Over the past week, Tesla shares dropped nearly 10%, with swings of more than 3% in either direction for four days in a row. Some believe retail investors sold Tesla stock to buy SpaceX shares. SpaceX set aside about 30% of its $75 billion IPO for retail investors, a much higher share than usual for a deal of this size. Many Tesla shareholders are loyal to Elon Musk’s vision, so it made sense that some would shift funds to SpaceX.

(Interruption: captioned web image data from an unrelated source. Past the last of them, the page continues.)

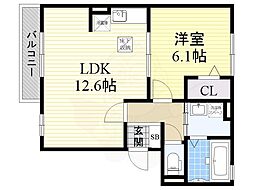 ビーバーズハウス 3階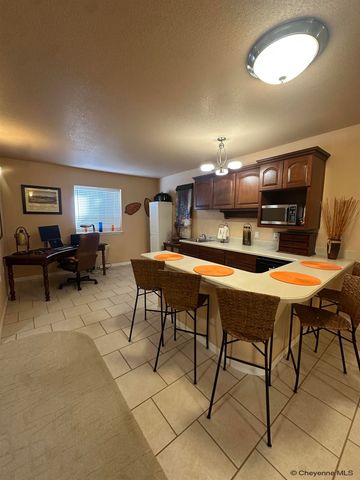 5110 SYRACUSE RD, Cheyenne, WY 82009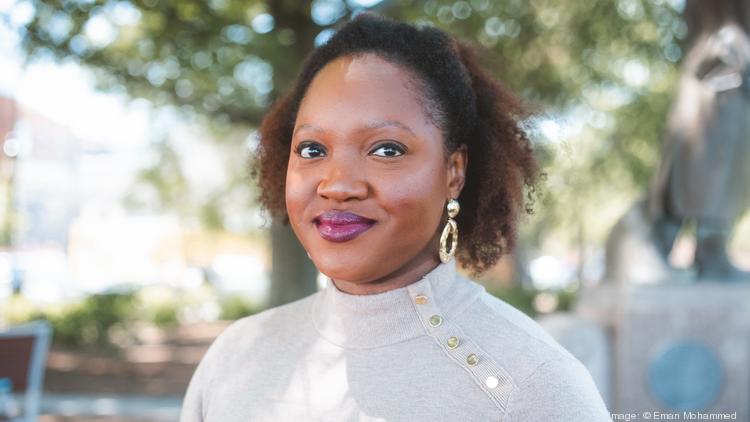 Prince William Economic Development and Tourism (@pwcded) on Twitter photo Congrats to <a href="/MINWO_Co/">MINWO Inc.</a> Melanie Akwule on expanding her reach in #venturecapital. Read with your subscription: loom.ly/QfmuvfA Congrats to <a href="/MINWO_Co/">MINWO Inc.</a> Melanie Akwule on expanding her reach in #venturecapital. Read with your subscription: loom.ly/QfmuvfA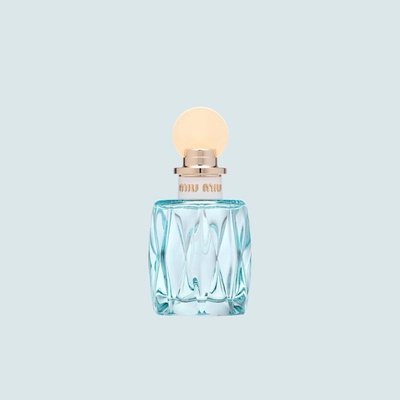 Miu Miu L'Eau Bleue parfémovaná voda dámská 100 ml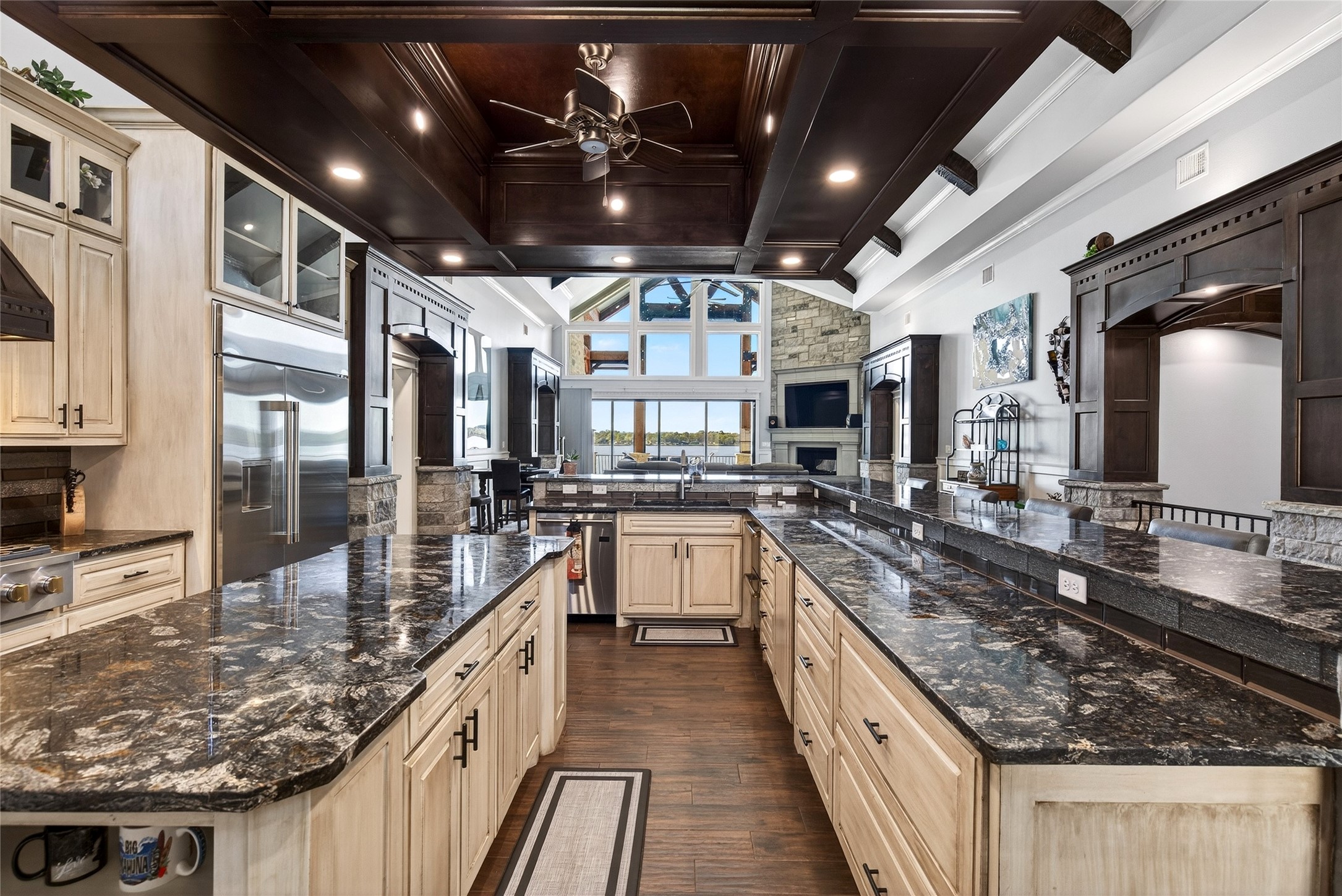 14392 Ridge Lane Malakoff TX 75148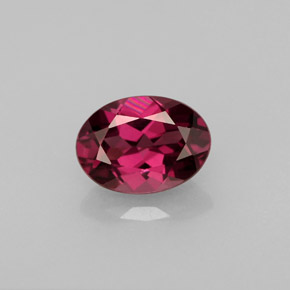 Rhodolite Garnet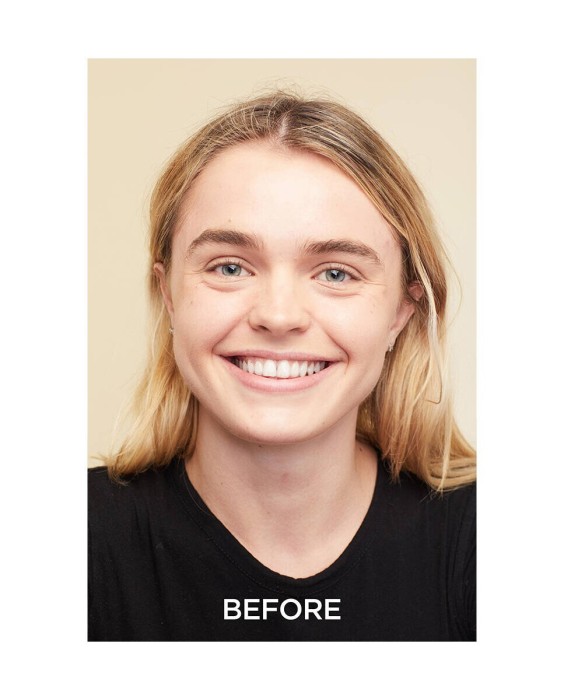 Base de maquillaje Stay Naked Foundation Urban Decay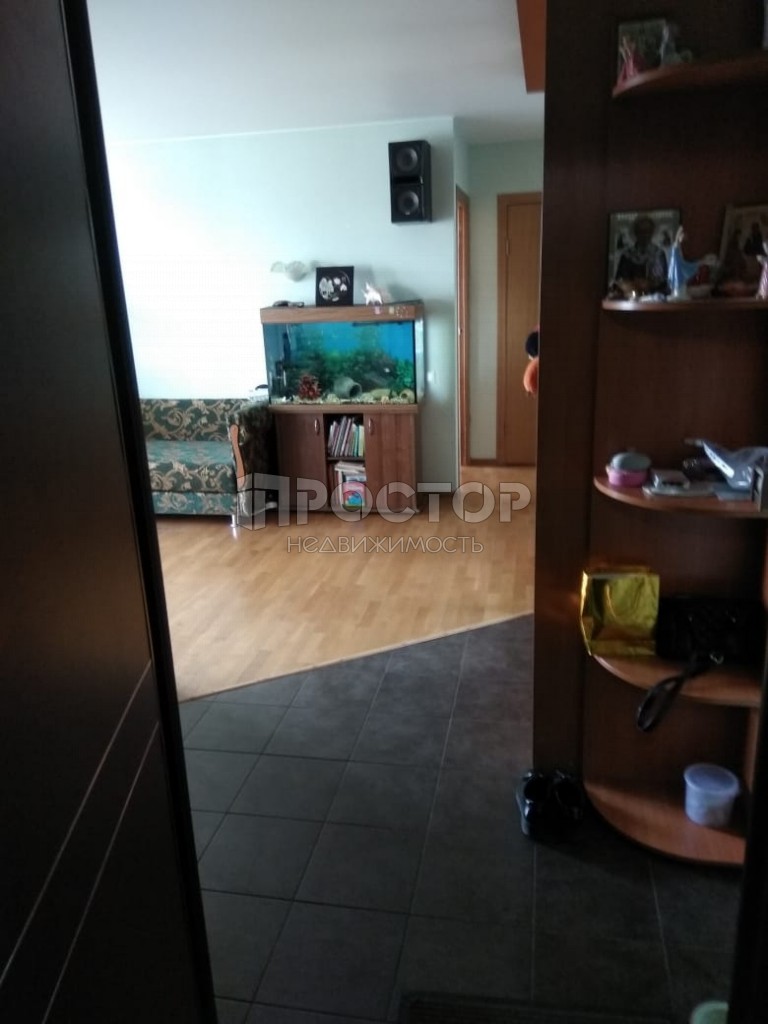 3-комнатная квартира, 63.5 м² - фото 8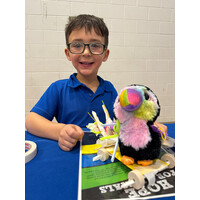 Family STEAM Night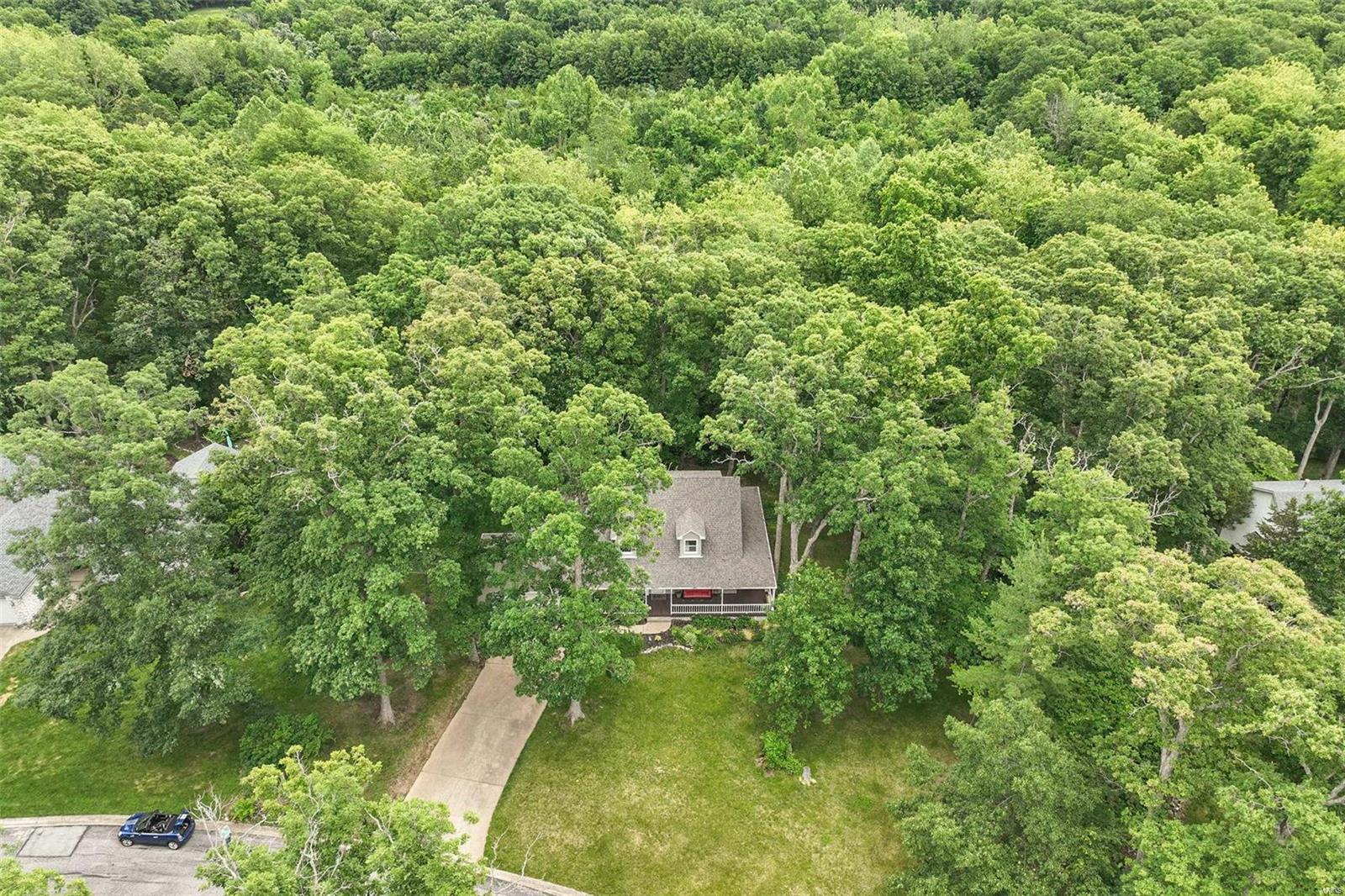 Issac Kent Farms - Residential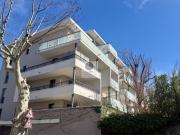 Appartement récent avec terrasse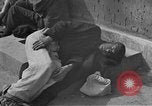 Image of Buchenwald concentration camp Germany, 1945, second 39 stock footage video 65675055137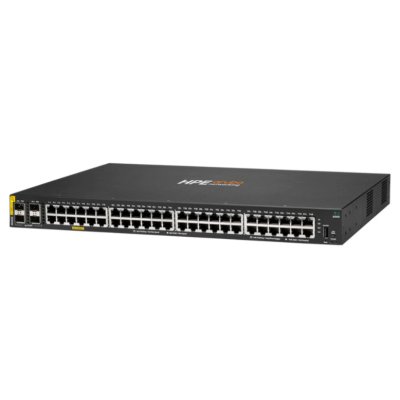 коммутатор HPE HPE ANW 6000 R8N85B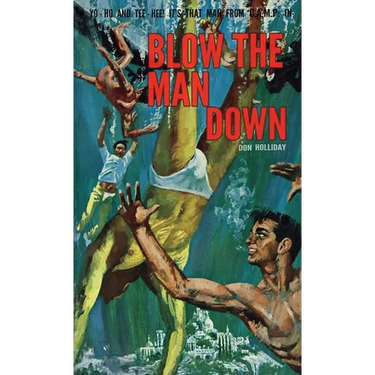 Blow the Man Down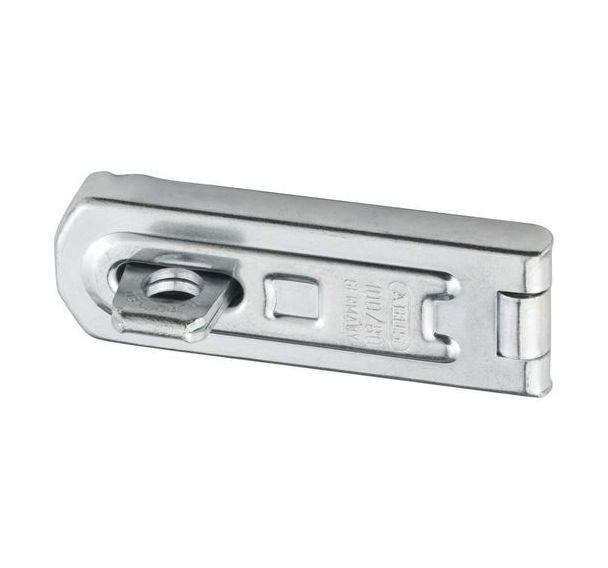 Lot de 13 Porte-Cadenas Serie 100 - 80 mm - Abus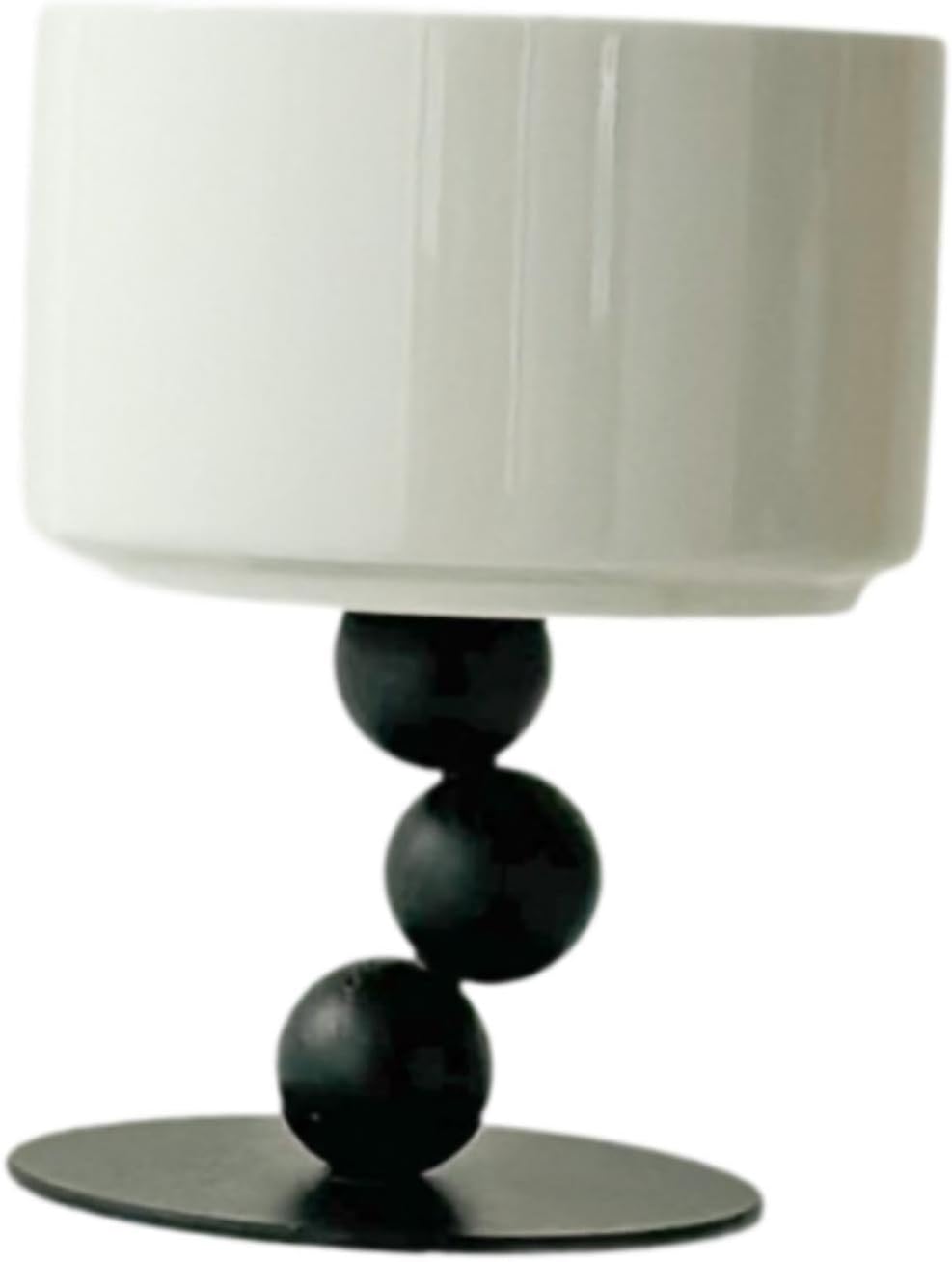 Versatile Ceramic Dessert Cup for Trifle and Party Favors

However, the numbers show that the direct impact was likely small. SpaceX’s retail allocation is about 2% of Tesla’s total market value, and not all the money for SpaceX shares would come from Tesla investors. The overall market also affected Tesla. The Nasdaq Composite dropped about 6% that week, and Tesla usually moves more than the market. So, a 10% to 12% drop fits Tesla’s usual pattern, even without extra selling linked to SpaceX.
Oppenheimer noted potential longer-term benefits from the relationship between the two companies, citing increased demand for stationary energy storage and potential collaboration on physical AI applications, including autonomous vehicles and robotics. The firm also noted that elevated oil prices are supporting global EV demand. The analyst carries a Hold rating on Tesla with no price target. Oppenheimer’s separate technology analyst initiated coverage of SpaceX on Thursday with a Buy rating and a $190 price target, valuing the company at approximately $2.6 trillion.
Once IPO-related volatility settles, Tesla’s stock will return to trading on its own fundamentals, centered on the commercial progress of its robotaxi service and humanoid robot programs.